Além da parte fiscal, licenças e exigências sanitárias ganham peso. A migração pode exigir revisão de cadastro de produtos, regras de substituição tributária (quando aplicável) e atualização de dados em órgãos locais.

Autopeças, atacado e centro de distribuição

O volume de notas e a complexidade por UF pedem ERP bem configurado. Ao sair do MEI, o ganho é operar com mais fornecedores, limites e equipe, mas o custo de erro fiscal aumenta. Teste emissão e validações antes de operar em produção.

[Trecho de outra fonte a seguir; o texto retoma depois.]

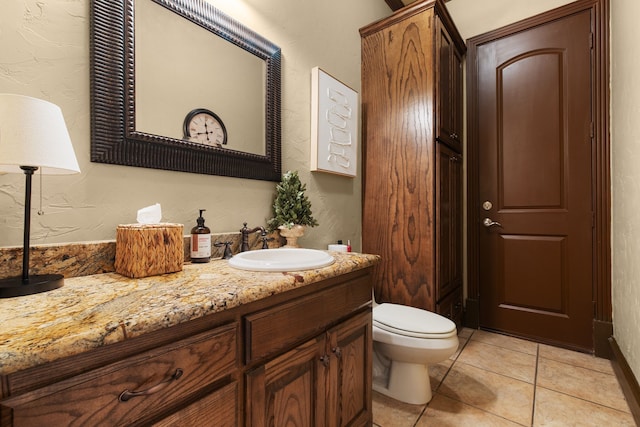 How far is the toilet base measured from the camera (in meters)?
1.56

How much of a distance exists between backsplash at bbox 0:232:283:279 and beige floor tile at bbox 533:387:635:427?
1925mm

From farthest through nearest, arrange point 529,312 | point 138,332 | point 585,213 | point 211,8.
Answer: point 529,312
point 585,213
point 211,8
point 138,332

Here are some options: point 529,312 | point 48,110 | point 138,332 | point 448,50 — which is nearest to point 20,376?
point 138,332

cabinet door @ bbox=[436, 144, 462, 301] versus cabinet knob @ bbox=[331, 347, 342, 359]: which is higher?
cabinet door @ bbox=[436, 144, 462, 301]

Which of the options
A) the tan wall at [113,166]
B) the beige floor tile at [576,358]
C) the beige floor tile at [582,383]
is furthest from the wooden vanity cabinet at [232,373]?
the beige floor tile at [576,358]

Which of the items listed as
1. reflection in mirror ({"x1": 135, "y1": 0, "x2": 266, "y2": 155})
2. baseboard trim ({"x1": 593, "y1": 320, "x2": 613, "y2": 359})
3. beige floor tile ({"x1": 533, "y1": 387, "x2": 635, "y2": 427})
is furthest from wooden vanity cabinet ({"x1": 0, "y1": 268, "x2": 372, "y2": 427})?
baseboard trim ({"x1": 593, "y1": 320, "x2": 613, "y2": 359})

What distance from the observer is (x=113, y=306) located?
631 mm

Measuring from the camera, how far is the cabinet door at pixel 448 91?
2020mm

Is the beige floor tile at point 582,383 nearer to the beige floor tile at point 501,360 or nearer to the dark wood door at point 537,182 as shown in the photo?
the beige floor tile at point 501,360

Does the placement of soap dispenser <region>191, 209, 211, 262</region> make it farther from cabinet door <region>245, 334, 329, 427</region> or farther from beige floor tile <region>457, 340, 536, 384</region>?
beige floor tile <region>457, 340, 536, 384</region>

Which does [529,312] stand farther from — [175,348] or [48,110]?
[48,110]

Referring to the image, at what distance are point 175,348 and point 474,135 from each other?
8.77ft

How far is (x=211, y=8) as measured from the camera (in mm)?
Answer: 1306

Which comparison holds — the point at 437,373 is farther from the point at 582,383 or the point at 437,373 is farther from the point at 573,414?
the point at 582,383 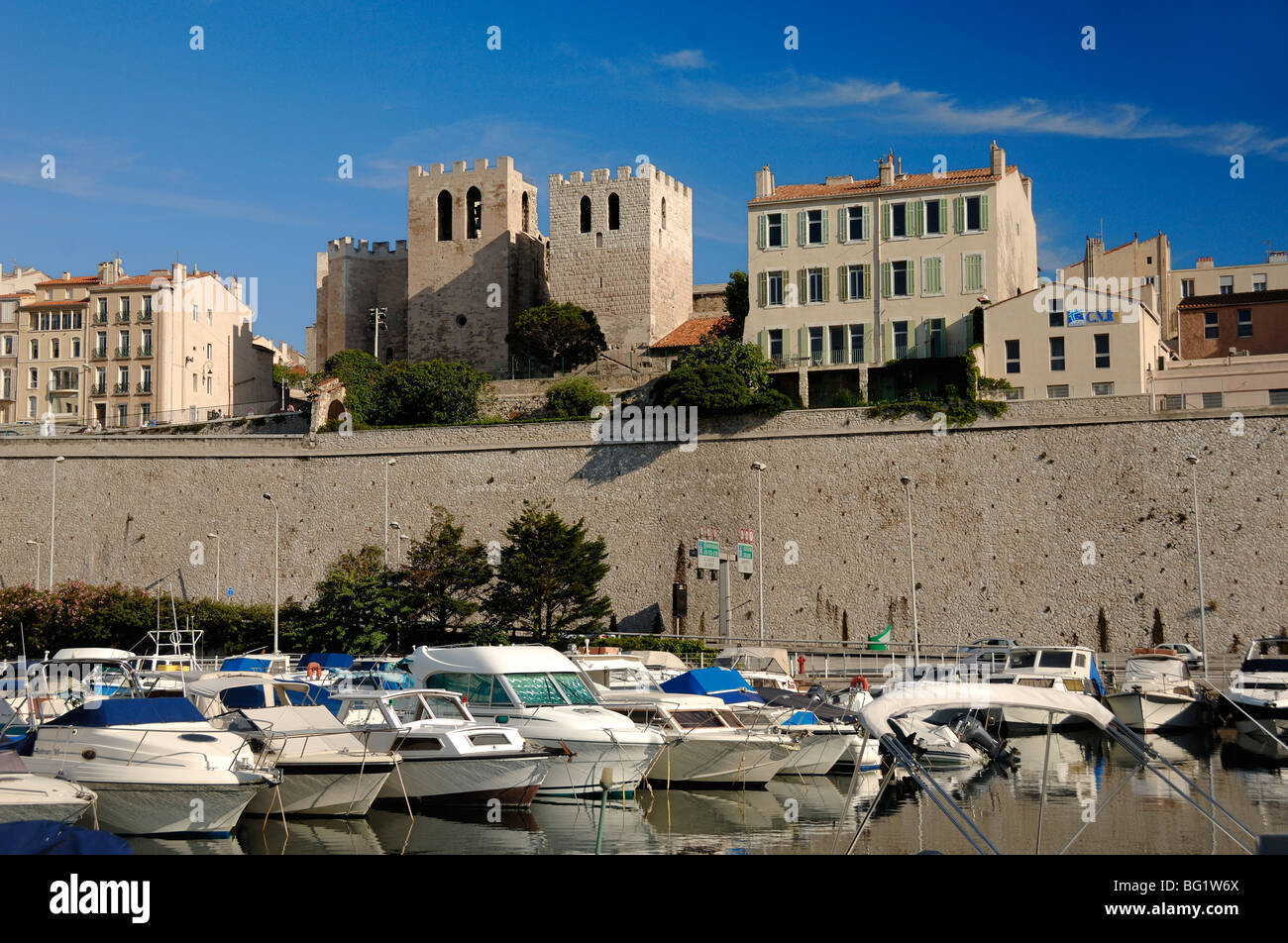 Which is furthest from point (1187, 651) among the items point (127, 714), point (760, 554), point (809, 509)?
point (127, 714)

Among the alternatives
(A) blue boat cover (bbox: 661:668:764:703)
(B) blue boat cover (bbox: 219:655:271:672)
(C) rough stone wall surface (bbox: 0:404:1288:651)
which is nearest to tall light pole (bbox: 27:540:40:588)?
(C) rough stone wall surface (bbox: 0:404:1288:651)

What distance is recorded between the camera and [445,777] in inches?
755

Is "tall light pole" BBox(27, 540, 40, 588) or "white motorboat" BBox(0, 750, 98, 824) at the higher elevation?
"tall light pole" BBox(27, 540, 40, 588)

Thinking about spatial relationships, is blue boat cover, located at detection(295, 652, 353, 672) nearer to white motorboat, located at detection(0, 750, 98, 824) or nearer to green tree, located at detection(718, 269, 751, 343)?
white motorboat, located at detection(0, 750, 98, 824)

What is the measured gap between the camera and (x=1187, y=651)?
1438 inches

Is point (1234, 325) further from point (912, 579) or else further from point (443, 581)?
point (443, 581)

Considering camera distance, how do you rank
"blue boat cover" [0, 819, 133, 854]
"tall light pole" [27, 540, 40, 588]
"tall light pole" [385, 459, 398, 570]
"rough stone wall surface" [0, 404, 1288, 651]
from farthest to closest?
1. "tall light pole" [27, 540, 40, 588]
2. "tall light pole" [385, 459, 398, 570]
3. "rough stone wall surface" [0, 404, 1288, 651]
4. "blue boat cover" [0, 819, 133, 854]

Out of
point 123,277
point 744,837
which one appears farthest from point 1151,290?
point 123,277

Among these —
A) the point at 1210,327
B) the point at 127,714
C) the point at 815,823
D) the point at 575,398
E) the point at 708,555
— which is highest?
the point at 1210,327

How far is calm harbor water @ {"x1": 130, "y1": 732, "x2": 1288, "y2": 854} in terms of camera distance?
1686 centimetres

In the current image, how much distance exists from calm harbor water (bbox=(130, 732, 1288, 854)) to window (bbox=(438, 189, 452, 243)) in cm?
4214

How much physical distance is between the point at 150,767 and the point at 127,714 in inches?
48.1

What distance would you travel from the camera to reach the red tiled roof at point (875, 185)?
150ft

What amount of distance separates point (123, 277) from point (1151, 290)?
49.6 m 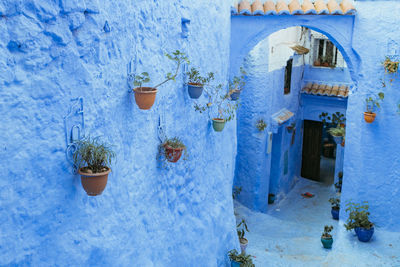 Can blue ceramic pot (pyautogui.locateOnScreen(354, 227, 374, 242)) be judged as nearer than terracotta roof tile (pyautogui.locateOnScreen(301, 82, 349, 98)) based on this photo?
Yes

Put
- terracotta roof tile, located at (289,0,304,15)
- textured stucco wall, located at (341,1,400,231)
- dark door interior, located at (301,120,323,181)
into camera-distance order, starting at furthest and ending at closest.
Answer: dark door interior, located at (301,120,323,181) < terracotta roof tile, located at (289,0,304,15) < textured stucco wall, located at (341,1,400,231)

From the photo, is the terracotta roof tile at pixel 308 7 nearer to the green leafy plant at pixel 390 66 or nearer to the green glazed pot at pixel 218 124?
the green leafy plant at pixel 390 66

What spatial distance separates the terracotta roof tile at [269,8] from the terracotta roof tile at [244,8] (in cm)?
36

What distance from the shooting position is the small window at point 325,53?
15.7m

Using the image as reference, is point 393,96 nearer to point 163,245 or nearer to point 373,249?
point 373,249

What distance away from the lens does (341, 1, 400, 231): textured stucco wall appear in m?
8.84

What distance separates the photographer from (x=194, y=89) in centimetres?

Bares, restaurantes e lanchonetes

O foco é folha, pró-labore e fluxo de caixa. A ME permite crescer equipe e estrutura, mas exige organização de custos (CMV), conciliação e adequação de alvarás e NFS-e.

Perguntas Frequentes

Posso mudar de MEI para ME a qualquer momento?

Sim. Você pode solicitar o desenquadramento por opção no Portal do Simples Nacional, respeitando regras de data de efeito e mantendo o cadastro regular nos órgãos de registro.

Se eu ultrapassar o limite do MEI, sou obrigado a virar ME?

Em geral, sim. Ultrapassar o limite do SIMEI exige desenquadramento e pode alterar a tributação conforme o percentual excedido e o período. Um contador deve validar o impacto.

Ao virar ME, continuo no Simples Nacional?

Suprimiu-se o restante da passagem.